Even point 3. is somewhat satisfied if we ignore the boilerplate that comes
in trying to use Haskell/Idris style abstractions when it comes to
validity predicates. (See the link as to where this falls apart quite a
bit)

However, as we begin to write an implementation with compiling to a type
theoretic IR, we have noticed a lot of trouble in development

  1. The lack of Core being able to extend itself, leaves the requirement
    for a more complex front pass

    • There are only a couple of ways we can do this in Haskell

      1. Write out concrete data structure between each pass, and
        write a small pass between each structure
      2. Use Tagless Final to make changing a big AST less
        cumbersome
      3. Use Trees that Grow to simulate small changes within an
        AST
      4. Give up on small changes, and bundle together n changes in
        one pass.
      5. Use Generics to automate the structural changes.
      6. Use S-expressions to change the structures
    • The issue with 1) is that it incurs a code cost of the length
      of the structure you are working over. This means that for any
      unchanged part of the syntax, we must map it to itself recursing
      down.

    • The issue with 2) is that it becomes O(n) (find link to
      oleg's FTP site) to do any transformation which requires
      matching on arguments. Along with complications of forming the
      observation type in Haskell, make it a less compelling case
      than other options.

    • The issue with 3) is that it only automates forming the
      data-type itself, not any pass. Thus to make a transformation,
      it takes as much code as 1). With 5) the situation may
      improve but we will discuss it when we discuss 5).
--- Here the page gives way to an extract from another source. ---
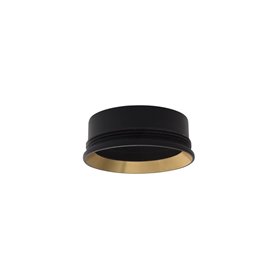 Anillo decorativo NOVA LUCE RING NL-834867 Negro y Oro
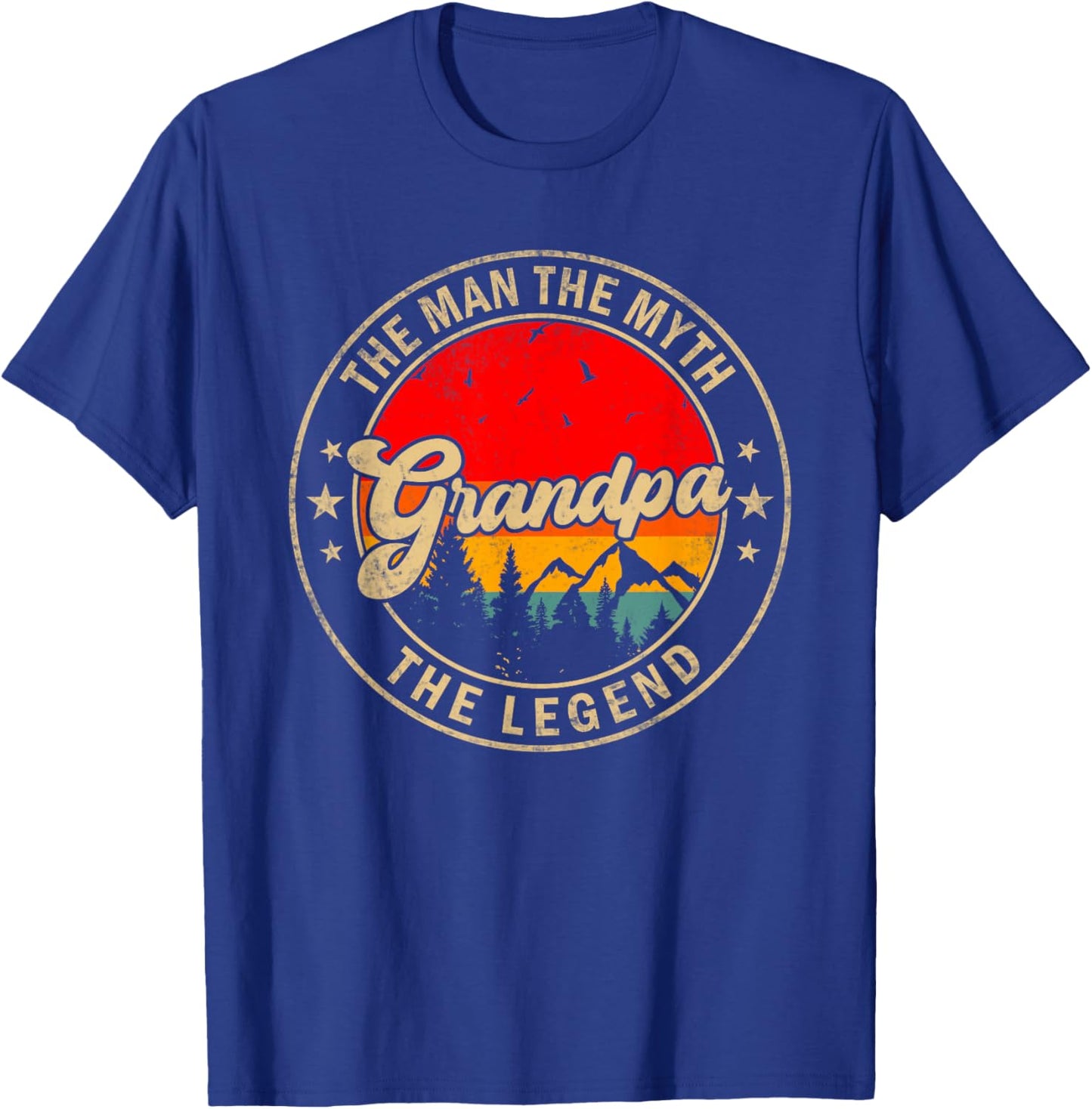 Grandpa the Man the Myth the Legend Father's Day for Grandpa T-Shirt - T-Shirt | Royal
    • The issue with 4) is that we now have to bundle n individual
      passes into one macro pass. This greatly simplifies the issues
      with the other passes, as we have very fixed layers of data
      types that we can scrutinize, however this leaves any proving or
      reasoning about the passes themselves much harder.

    • The issue with 5) is that we are leveraging on a system that
      splits information evenly at the type level and the term level.
      We can demonstrate this phenomenon by using to and from
      directly to see the representation this would take even for some
      very basic terms.

      ​​​​​​​​-- Getting the term from a basic structure
      ​​​​​​​​λ> Juvix.Library.from (Other 3)
      ​​​​​​​​M1 {unM1 = L1 (L1 (L1 (M1 {unM1 = M1 {unM1 = K1 {unK1 = 3}}})))}
      
      ​​​​​​​​-- Checking the type information which allows us to get back to a
      ​​​​​​​​-- concrete type
      
      ​​​​​​​​λ> :t Juvix.Library.from (Other 3)
      ​​​​​​​​Juvix.Library.from (Other 3)
      ​​​​​​​​  :: Num a =>
      ​​​​​​​​     D1
      ​​​​​​​​       ('MetaData "BinderPlus" "Juvix.Contextify.Binders" "main" 'False)
      ​​​​​​​​       (((C1
      ​​​​​​​​         …
      
      ​​​​​​​​λ> :t Juvix.Library.to
      ​​​​​​​​Juvix.Library.to :: Generic a => Rep a x -> a
      
      ​​​​​​​​λ> :t Juvix.Library.from
      ​​​​​​​​Juvix.Library.from :: Generic a => a -> Rep a x
      

      Here we can see that for the constructor Other, we have 3 L1
      structures and two M1 structures wee have to get rid of before
      we can get to the data. Worse if we look at the type level, we
      can see that the entire ADT is reserved through this. So if we
      wanted to create a pass that got rid of the boilerplate,
      translating from one ML data type to another, we can not just
      call to and from as the types are incompatible, even if we
      changed the subset of cases we wish to change. Thus we'd have
      to reconstruct the M1's and L1's to get back a proper typed
      representation. This means that we have to compute on the Rep
      representation of the type during the pass, calling to once
      all cases have been run, effectively ending up with the same
      amount of boilerplate at 1.

      One approach that might work is combining this with 3) to
      properly generate these transformations. However this would take
      more template Haskell to properly experiment with.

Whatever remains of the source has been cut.